━━━━━ ENTRIES SHOWN
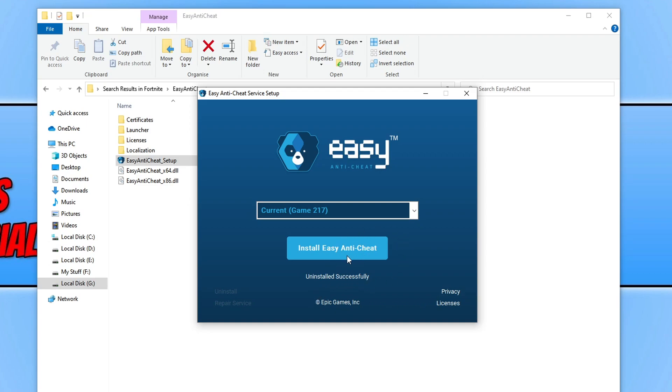You can now install Easy Anti-Cheat again if you want, or you can just keep it uninstalled. But keep in mind you won't be able to play the games online, or maybe not at all if you don't have Easy Anti-Cheat installed.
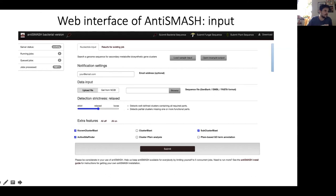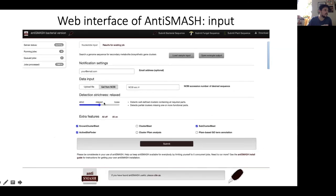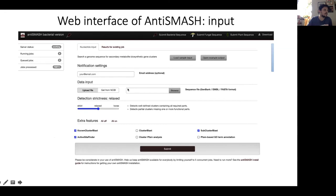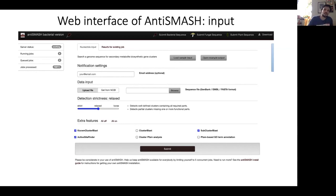You can also turn extra features on or off, such as ActiveSiteFinder and ClusterBlast. These will significantly increase the runtime of antiSMASH but will give you more output. Once you upload the file or provide an NCBI accession number, you click Submit. If you don't provide your email, it takes you to a page that reloads every 10 to 20 seconds — similar to how NCBI BLAST works — until the results are done.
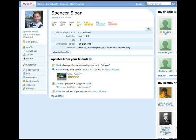Let's start off following Spencer. Spencer is a 19-year-old guy from Cleveland that's currently out traveling the world. We join Spencer just after he's logged into Orkut. From his homepage, he sees updates from his friends, including one from his friend Karen. Karen rated the Public Hot Cars board in PhotoBoard.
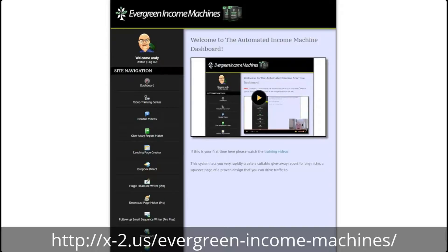So I recognized that if I could shave a whole bunch of time off those tasks — if I could make the basics quicker, easier, and rinse-and-repeatable — that would really help people. And that's exactly what Evergreen Income Machines does. You can go into any niche using this. If you want to test a new niche, not a problem. If you just want to extend your base in the niche you're already in, fantastic — you can do that as well.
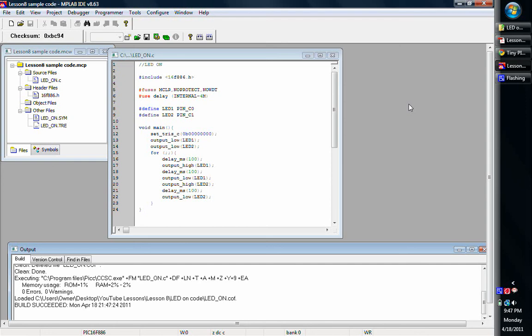Hello and welcome back to the final video for lesson number 8 on PIC Microcontrollers using bootloaders. In this final short video, we're going to be showing just a piece of sample code.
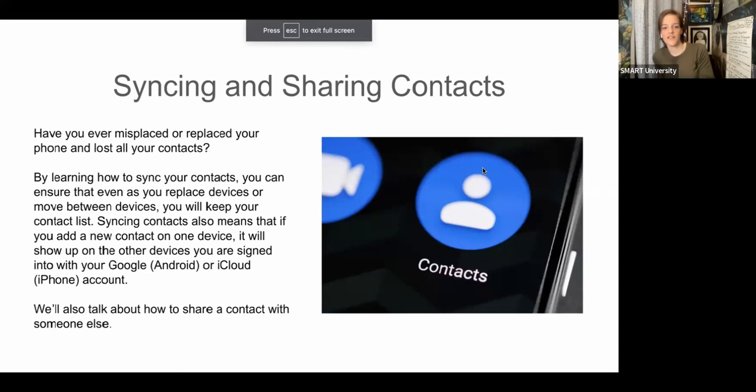We're going to talk about how to both sync and share your contacts — the contacts you have in your phone. That includes any phone numbers, email addresses, any contact information you have for anyone on your phone. This is a way to make sure you're retaining that in case you ever switch phones or lose your phone. Also, if you add a contact to one of your devices, it shows up on all of your devices, and we'll also look at how to share a contact with someone else.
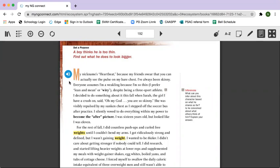I decided to do something about it this fall when Sarah, the girl I have a crush on, said, Oh my God, you're so skinny. She was visibly repulsed by my sunken chest as I stepped off the soccer bus after practice. I silently vowed to do everything within my power to become the after picture. I was 16 years old, but looked like I was 11.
━━━━━━━━━━
Omit pictures; set down the rest of the material word for word.

You can now install Easy Anti-Cheat again if you want, or you can just keep it uninstalled. But keep in mind you won't be able to play the games online, or maybe not at all if you don't have Easy Anti-Cheat installed.
You can also turn extra features on or off, such as ActiveSiteFinder and ClusterBlast. These will significantly increase the runtime of antiSMASH but will give you more output. Once you upload the file or provide an NCBI accession number, you click Submit. If you don't provide your email, it takes you to a page that reloads every 10 to 20 seconds — similar to how NCBI BLAST works — until the results are done.
Let's start off following Spencer. Spencer is a 19-year-old guy from Cleveland that's currently out traveling the world. We join Spencer just after he's logged into Orkut. From his homepage, he sees updates from his friends, including one from his friend Karen. Karen rated the Public Hot Cars board in PhotoBoard.
So I recognized that if I could shave a whole bunch of time off those tasks — if I could make the basics quicker, easier, and rinse-and-repeatable — that would really help people. And that's exactly what Evergreen Income Machines does. You can go into any niche using this. If you want to test a new niche, not a problem. If you just want to extend your base in the niche you're already in, fantastic — you can do that as well.
Hello and welcome back to the final video for lesson number 8 on PIC Microcontrollers using bootloaders. In this final short video, we're going to be showing just a piece of sample code.
We're going to talk about how to both sync and share your contacts — the contacts you have in your phone. That includes any phone numbers, email addresses, any contact information you have for anyone on your phone. This is a way to make sure you're retaining that in case you ever switch phones or lose your phone. Also, if you add a contact to one of your devices, it shows up on all of your devices, and we'll also look at how to share a contact with someone else.
I decided to do something about it this fall when Sarah, the girl I have a crush on, said, Oh my God, you're so skinny. She was visibly repulsed by my sunken chest as I stepped off the soccer bus after practice. I silently vowed to do everything within my power to become the after picture. I was 16 years old, but looked like I was 11.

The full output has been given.